Supergirl Annual #2 // Review
Kara relives her final moments on Krypton. Memories of the past may be trapped in a strange present in the second Supergirl annual of the current series. Guest writer Robert Venditti fuses time periods in a special one-shot story drawn by Laura Braga with colors by Chris Sotomayor. The story delivers a look at Kara’s life as a Kryptonian that isn’t nearly as interesting or original as it needs to be to provide the kind of psychological insight that it seems to be going for. A look at life on Krypton is somewhat interesting, but the issue feels a bit uneventful overall.

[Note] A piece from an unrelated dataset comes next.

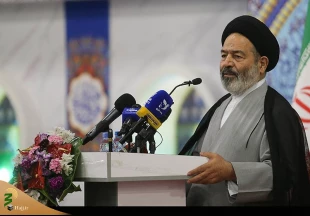 گزارش تصویری/ آئین معنوی بدرقه زائران بیت الله الحرام با حضور نماینده ولی فقیه 2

Kara Zor-El has a big game in Kryptonopolis. She and the rest of her team from Argo City are up against a team from Kryptonopolis. In the youth Continental Championship of a game that looks a lot like a Kryptonian version of hockey. A star player from the Kryptonopolis team is a boy that she’s deeply attracted to: Rix. The catch? He’s a Zod...a boy from a family that is sworn enemies with her own. She’s going to have a little time alone with him anyway. Before she has a chance to get intimate with him and maybe even get that first kiss, she’s going to have to deal with babysitting her baby cousin Kal. Then there’s the small matter of total impending doom on the planet...and there are strange visions of something else...something darker...
Venditti tells an enjoyable story of Kara right before the destruction of Krypton. The life of Kara before the explosive death of her home world feels cozy enough. Her life as a sports star makes sense for someone who goes on to the very physical experience of a superhero on another planet with strength bolstered by Earth’s sun. It’s cute to see her babysitting a very young Superman. It’s all really, really fun. But seeing her life before Earth doesn’t provide any deeper understanding of who Kara is as a person. All of the details of Kara’s life feel a bit too closely tied to her life as Supergirl to add any new understanding of Kara’s psyche. It’s a fun look back, but far more could have been done with this unique peer into Kara’s memories.

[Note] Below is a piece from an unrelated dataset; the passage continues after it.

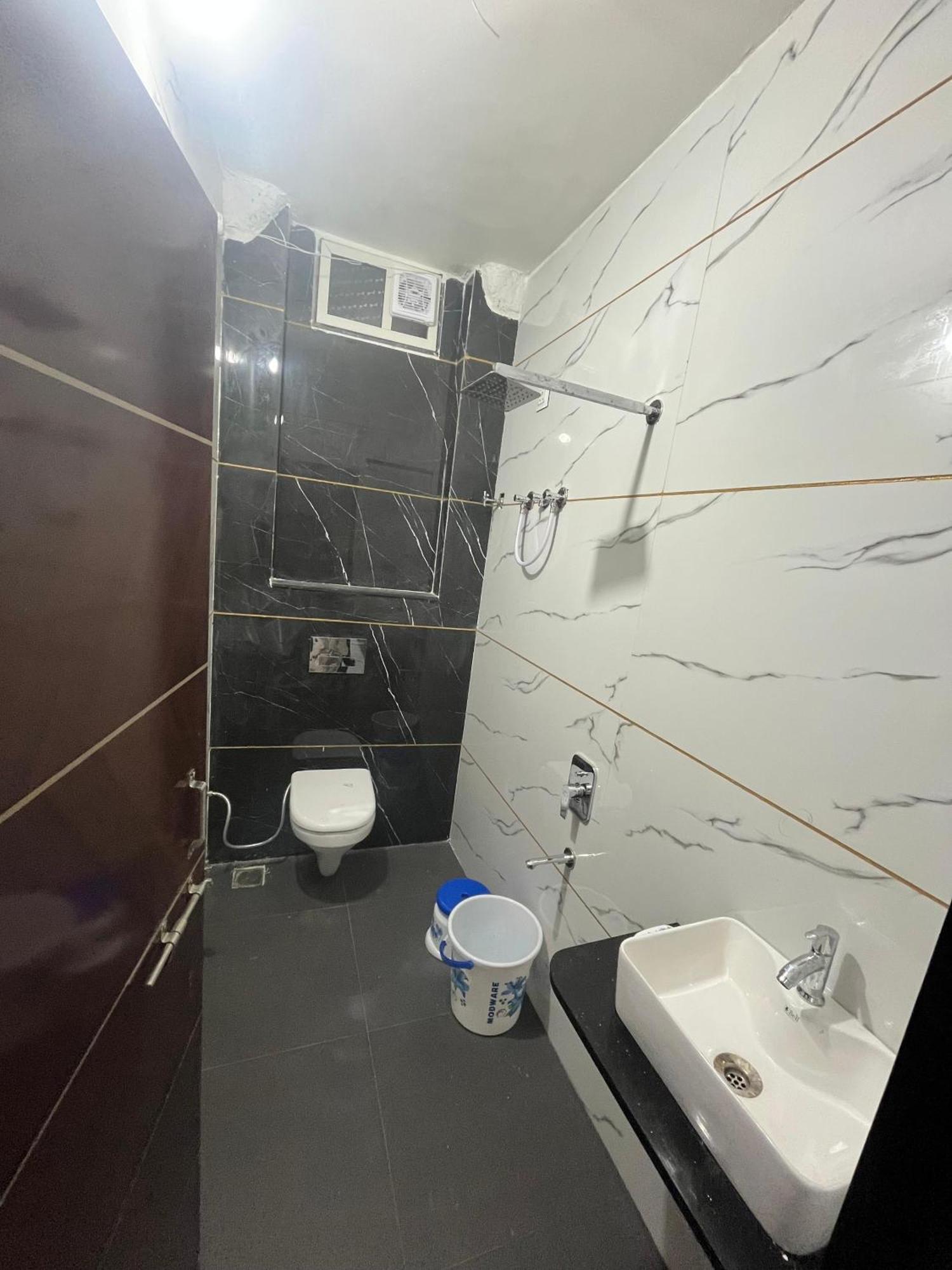 Yashomati Hotel Maheshwar Ngoại thất bức ảnh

Braga’s art has a pleasantly social feel about it. The action in the story present as it is in the Kryptonopolis game at the beginning of the issue doesn’t exactly feel all that interesting. From a dramatic angle, the passions and anxieties of a teen Supergirl feel vivid enough to engage the reader emotionally. The darker end of the story that begins to assert itself towards the end of the issue doesn’t feel strong enough, though.
It’s a fun novelty to see Kara before the tragedy that would come to define her life on Earth. The menace of the reality of what’s going on isn’t nearly as strong as it should be to deliver the darkness that launches this issue into the next chapters in the life of Supergirl. There’s so much more that could have been delivered in a look back at Kara’s earlier life.